こねずみは、ソフィねずさんに言いました。入れない部屋がひとつだけあります。このカギでは、ドアがあきません。
ソフィねずさんがこねずみに言いました。ああ、それは幸せの部屋。その部屋のカギはないよ。
「合いかぎ屋」
こねずみは思いました。あの幸せの部屋に入りたいな。誰かカギを作ってくれないかな。歩いていると合いかぎ屋がありました。

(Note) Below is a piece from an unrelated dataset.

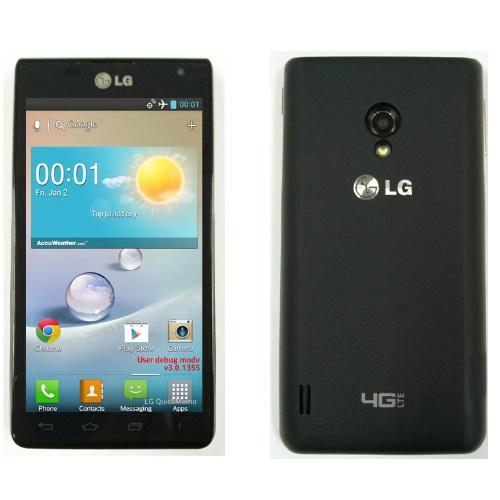 LG LGAS870 Optimus F5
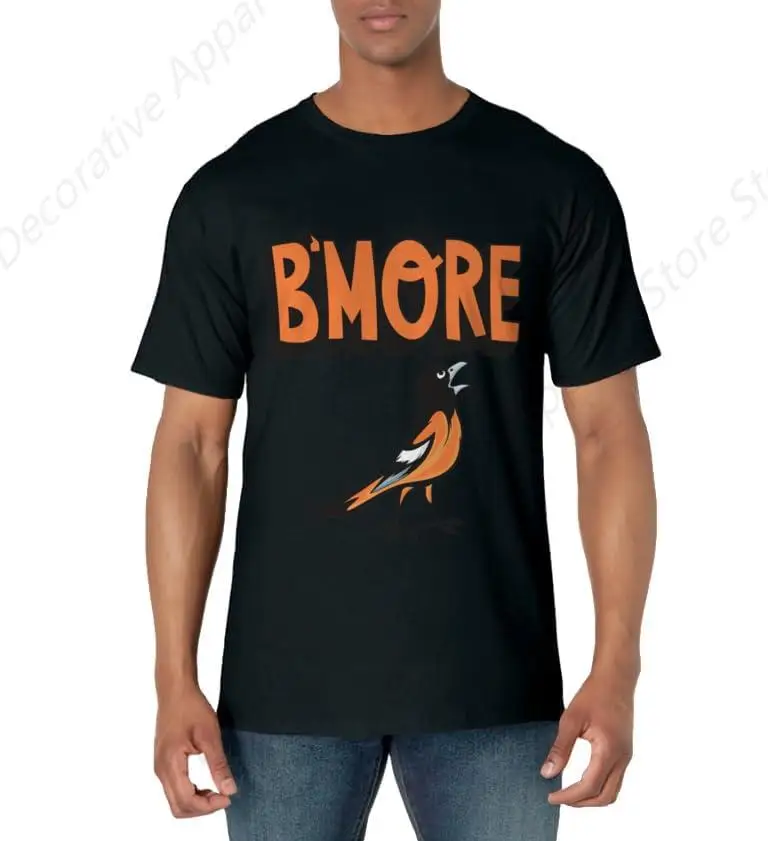 Baltimore Pride Bmore Maryland MD T-Shirt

お店には、店員のしばねずさんがいました。いらっしゃ~い。
こねずみは、しばねずさんに言いました。幸せの部屋のかぎを作りたいんだ。
しばねずは応えました。あの部屋のかぎをつくる必要はないよ。中には何もないんだから。こねずみさん、幸せは物ではないので、部屋には何もないんだ。幸せを手に入れるカギは、あなたの心の中にあるんだよ。
こねずみは応えました。どうゆうことですか?もう少し詳しく教えてください。
「幸せのありか」
しばねずは、こねずみに言いました。食べたいものは?飲みたいものは?やりたいことは?
こねずみは応えました。カレーライス。カフェオレ。折り紙とハロウィンの仮装。
しばねずは、こねずみに言いました。気が付いたかな?欲しいと求めているものは、自分が経験したり、学んだものなど、既にあなたが知っている事しかないんだ。もし、知らなければ欲しいとは思わない。だから、幸せを欲しいと求めている人は、求めている幸せが何かを心の中では実は知っているんだよ。だから、幸せを探している人は、外ではなく、あなたの中に見つけようとすればきっと見つかるよ。
「幸せを知り旅立つ」
こねずみは、ソフィねずさんに言いました。ありがとう。自分の心としっかり対話をして、きっと、本当の幸せを思い出すからね。
こうして、幸せのありかを見つけたこねずみは、あらたな世界へと旅立ちました。